# [Required work]
When a line in the material beneath includes the word "also", add it to the count, and report the count alone.

#### Excerpted records ####

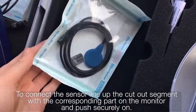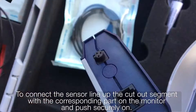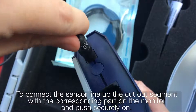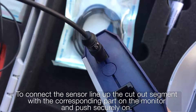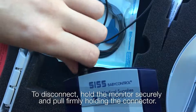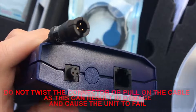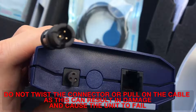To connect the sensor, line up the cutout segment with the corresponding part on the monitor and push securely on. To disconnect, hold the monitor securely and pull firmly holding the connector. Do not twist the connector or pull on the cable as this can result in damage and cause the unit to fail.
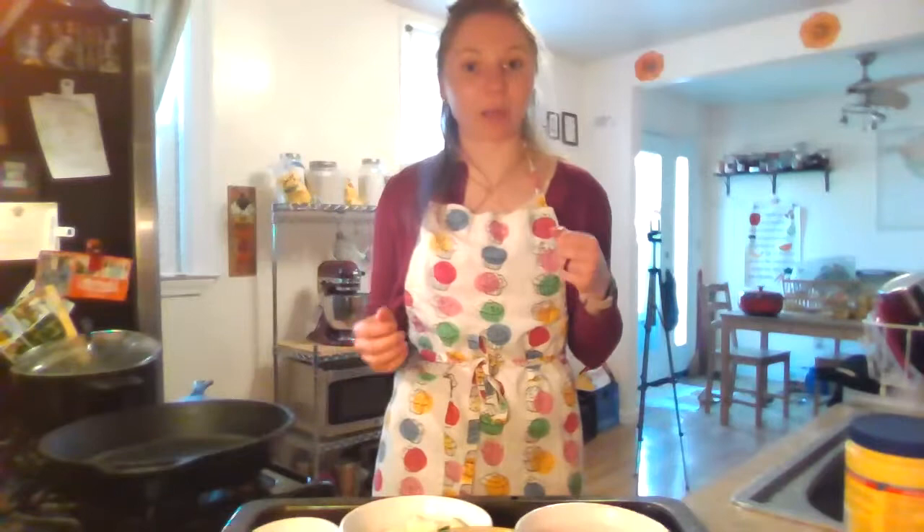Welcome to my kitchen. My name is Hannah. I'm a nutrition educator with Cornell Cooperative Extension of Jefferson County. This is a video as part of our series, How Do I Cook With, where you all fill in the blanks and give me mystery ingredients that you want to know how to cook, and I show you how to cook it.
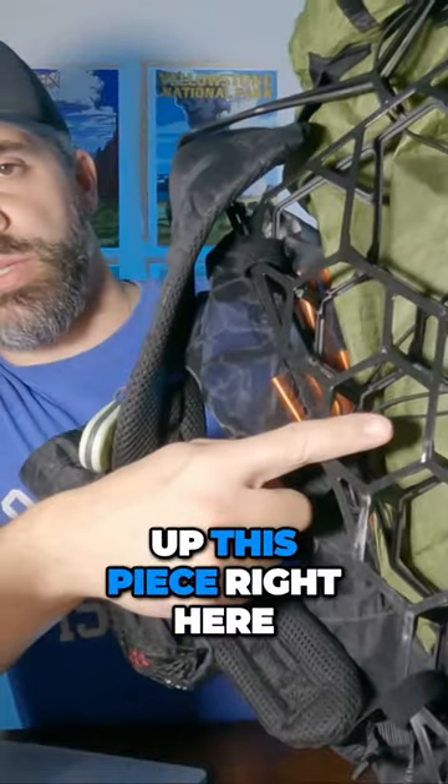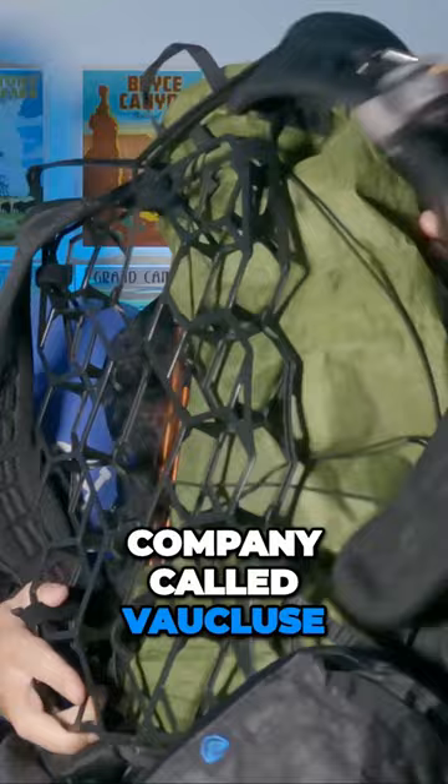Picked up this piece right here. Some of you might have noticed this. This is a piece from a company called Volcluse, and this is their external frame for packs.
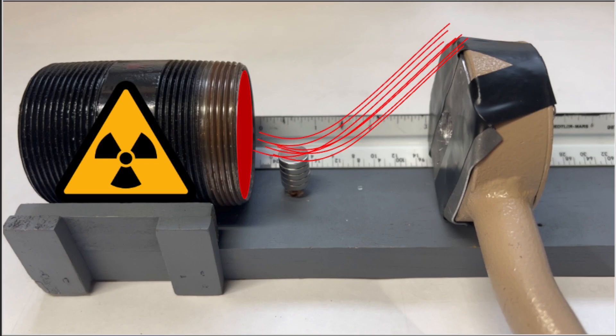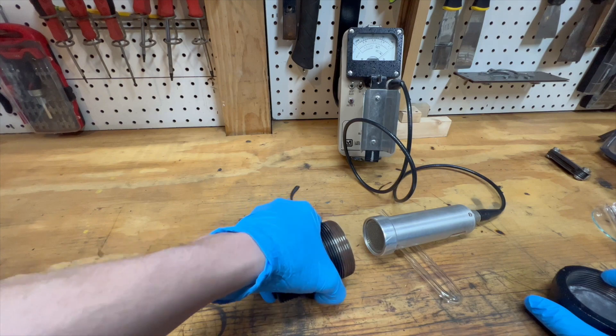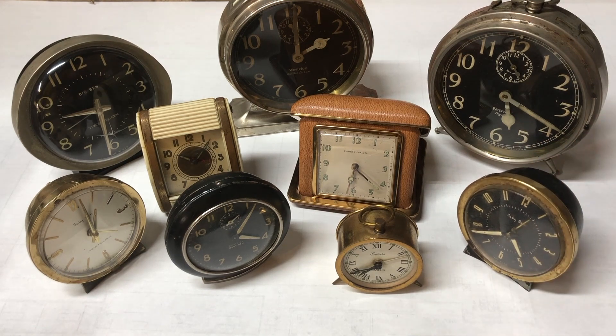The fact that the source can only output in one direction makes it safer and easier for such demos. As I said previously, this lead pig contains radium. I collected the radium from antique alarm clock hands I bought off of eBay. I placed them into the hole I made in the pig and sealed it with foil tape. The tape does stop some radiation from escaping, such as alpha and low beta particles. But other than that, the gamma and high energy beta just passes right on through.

####
#### Excerpted records ####

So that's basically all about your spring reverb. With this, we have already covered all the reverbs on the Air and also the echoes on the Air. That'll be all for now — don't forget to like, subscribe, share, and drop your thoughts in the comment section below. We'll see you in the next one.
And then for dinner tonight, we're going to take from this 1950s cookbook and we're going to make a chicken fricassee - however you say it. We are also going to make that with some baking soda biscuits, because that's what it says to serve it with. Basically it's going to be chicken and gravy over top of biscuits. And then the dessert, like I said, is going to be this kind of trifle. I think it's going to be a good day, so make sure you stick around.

####

# [Response]
2